Compulsory lanyards arrived at BBC Broadcasting House in January 1991. Until then, a cursory flash of your staff card to the uniformed commissionaire would do. The Gulf War changed all that.

News trainees like me were pulled back from our regional radio attachments across the nation to serve the so-called Scud FM. In 12-hour shifts, we recorded CNN output on giant reel-to-reel tape machines, cutting packages to feed the rolling news. There were so many new faces, and the bead-chain lanyards gave a semblance of organisation.

Barely out of university, some of us were thinking: emergency civic responsibility. We had only seen lanyards worn in those 1970s and 1980s panic films such as WarGames. We were young outsiders getting access to the establishment.

Two 1990s television shows gave us our figureheads: Agent Dana Scully in The X-Files, flashing her FBI ID at every opportunity, and later Allison Janney’s C J Cregg in The West Wing, who embodied the idea of the female who had broken through, thoroughly qualified to run the operation. The lanyard was their symbol of arrival and as much of a challenge to the old order as their brightly coloured pantsuits were.

In a recent reassessment of the liberal love affair with The West Wing, Current Affairs magazine mocked fans who “think a lanyard is a talisman that grants wishes and wards off evil”. But it’s a good summary of how it felt then.

The novelist Bill Beverly, who grew up in the US Midwest, confirms my suspicion that the lanyard’s 1990s appeal lay in its historic gendered status: “They were for gym teachers and coaches. A lanyard for one’s whistle, for one’s stopwatch, for other elements of communication and control.”

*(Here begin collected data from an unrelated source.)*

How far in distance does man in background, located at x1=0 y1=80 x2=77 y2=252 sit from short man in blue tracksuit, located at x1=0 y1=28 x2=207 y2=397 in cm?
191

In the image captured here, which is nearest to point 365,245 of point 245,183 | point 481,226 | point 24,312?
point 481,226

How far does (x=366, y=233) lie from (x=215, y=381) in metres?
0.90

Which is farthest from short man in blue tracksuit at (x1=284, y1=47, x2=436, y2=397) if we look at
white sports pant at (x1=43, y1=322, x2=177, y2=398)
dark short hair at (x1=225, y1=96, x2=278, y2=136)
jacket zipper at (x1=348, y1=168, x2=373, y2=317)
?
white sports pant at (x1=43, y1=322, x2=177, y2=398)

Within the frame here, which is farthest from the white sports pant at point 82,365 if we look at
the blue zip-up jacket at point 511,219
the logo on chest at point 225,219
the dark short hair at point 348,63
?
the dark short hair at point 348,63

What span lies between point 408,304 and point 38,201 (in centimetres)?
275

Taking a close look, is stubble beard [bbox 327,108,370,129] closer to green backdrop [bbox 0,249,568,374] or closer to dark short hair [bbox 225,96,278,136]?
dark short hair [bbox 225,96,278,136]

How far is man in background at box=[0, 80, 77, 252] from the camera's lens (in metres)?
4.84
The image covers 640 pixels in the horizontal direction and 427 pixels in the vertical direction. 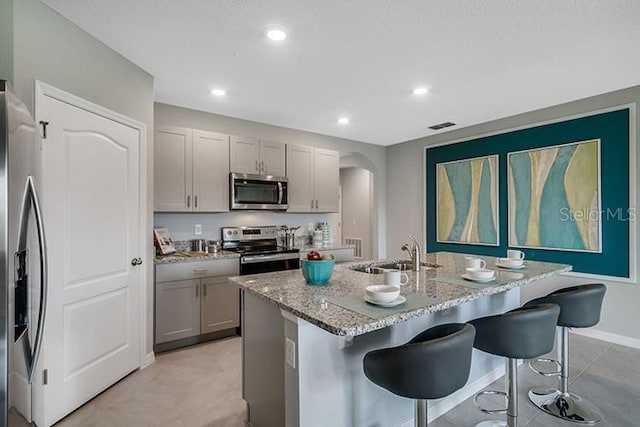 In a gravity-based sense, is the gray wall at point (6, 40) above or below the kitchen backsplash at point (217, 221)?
above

Unlike military dog tags, which remained hidden, the lanyard was about publicly declaring that you belonged. Corporations, introducing them long before electronic scanner-gate entry became the norm, benefited from their identity as a symbol of cool access. Think of the Wayne’s World films, in which the backstage VIP lanyard is a celebratory badge of entry.

Over the years, lanyards have come to reveal so much about status. One charity worker, who asked to remain anonymous, has noticed who does and doesn’t wear them outside NHS hospitals: “I used to get the Tube into London Bridge and you’d see all the young doctors from Guy’s wearing their lanyards, quite proud. You never saw nurses or porters wearing theirs.”

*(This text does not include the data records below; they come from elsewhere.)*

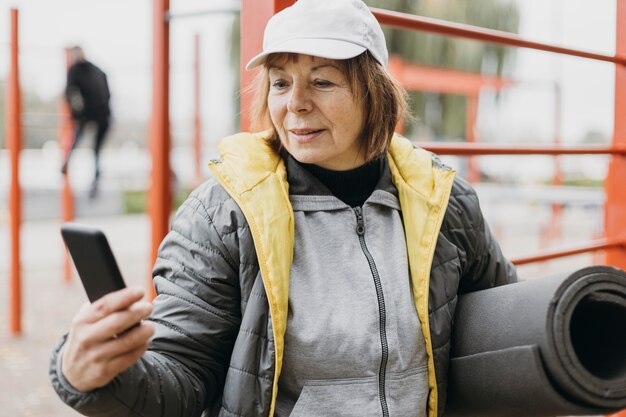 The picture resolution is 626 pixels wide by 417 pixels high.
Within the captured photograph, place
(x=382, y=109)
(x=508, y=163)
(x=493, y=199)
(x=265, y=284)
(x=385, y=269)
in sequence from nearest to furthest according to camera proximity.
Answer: (x=265, y=284), (x=385, y=269), (x=382, y=109), (x=493, y=199), (x=508, y=163)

At a big charity with compulsory lanyards for security cards, she saw tribal divisions: “The fundraising and facilities people all wore the work lanyard they gave you. But in public affairs and marketing and design, we all wore our own lanyards and turned our photo ID around. The electronic thing still worked, but no one could see your face. I realised within weeks that I had to sort myself out with a new lanyard or I was going to struggle with my tribe.”

When she moved to a small women’s charity, a more conventional rebellion emerged over corporate conformity: “I noticed they still needed an electronic card to get into the building. I was used to wearing a lanyard with one on, so I took a handful of nice ones in with me and gave them each one, and every one of the women just looked at me and went, ‘We’re not wearing that.’ It was the absolute opposite of command and control.”

At the Labour party conference last September, she saw how lanyards affected the mood. She observes that, as well as the standard union-sponsored lanyard, many members of Momentum were wearing a special lanyard with the Palestinian flag colours. “They really stuck out because they were like a party within a party,” she recalls. “Inside, they moved in packs. It was like the savannah – much more divided, even among the MPs.”

Journalists in the US have a tradition of bonding through novelty press cards on lanyards. One enterprising hack made them during the 1996 O J Simpson civil trial, with mugshots for each significant calendar date: Hallowe’en horror, Christmas, a Thanksgiving one featuring Simpson in a pilgrim hat with a turkey and the slogan “I’ll carve”.

Such small-scale rebellions over how we wear our lanyards are a distraction. Wearing our data around our necks, even displaying it boastfully, seems, in hindsight, a preparation for the normalisation of giving out our personal data online to corporations that can predict where we’ll go and how we’ll consume. If you have nothing to hide, what does it matter?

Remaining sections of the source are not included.